▶ [Exercise brief]
Repeat every line from the line containing "Osram 2 Original-Lampen W5W 12 V von Osram" to the end of the data, exactly. Leave the pictures out.

Top of Data section

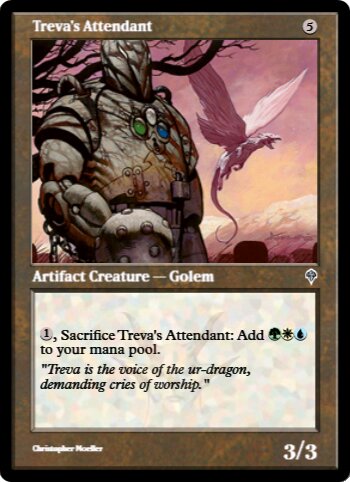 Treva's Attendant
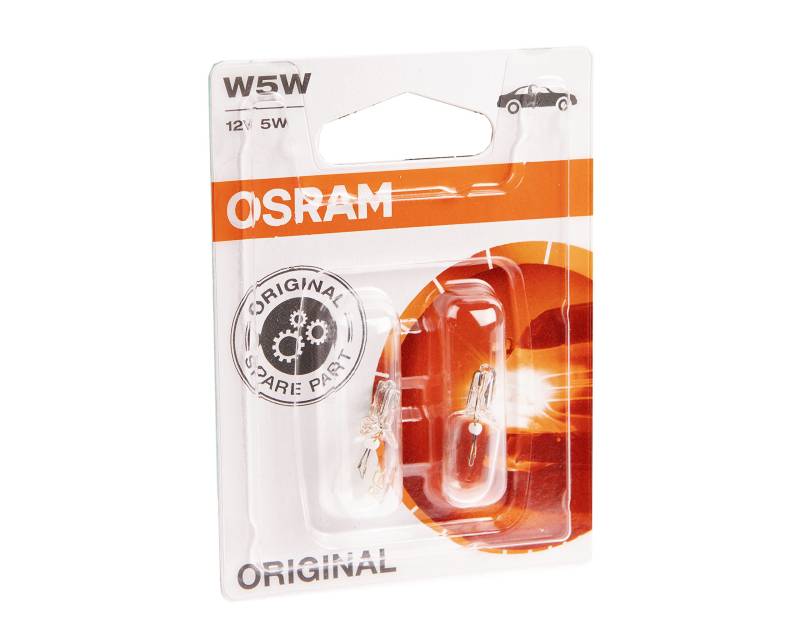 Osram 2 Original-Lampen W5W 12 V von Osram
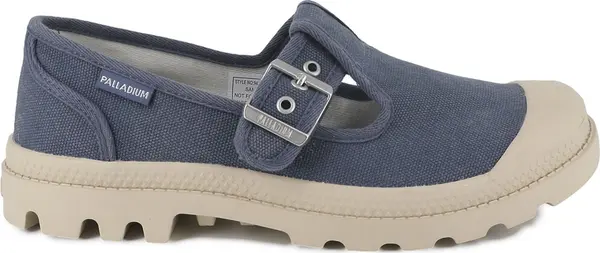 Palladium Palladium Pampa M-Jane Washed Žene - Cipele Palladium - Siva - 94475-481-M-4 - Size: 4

Bottom of Data section

▶ [Response below]
 Osram 2 Original-Lampen W5W 12 V von Osram
 Palladium Palladium Pampa M-Jane Washed Žene - Cipele Palladium - Siva - 94475-481-M-4 - Size: 4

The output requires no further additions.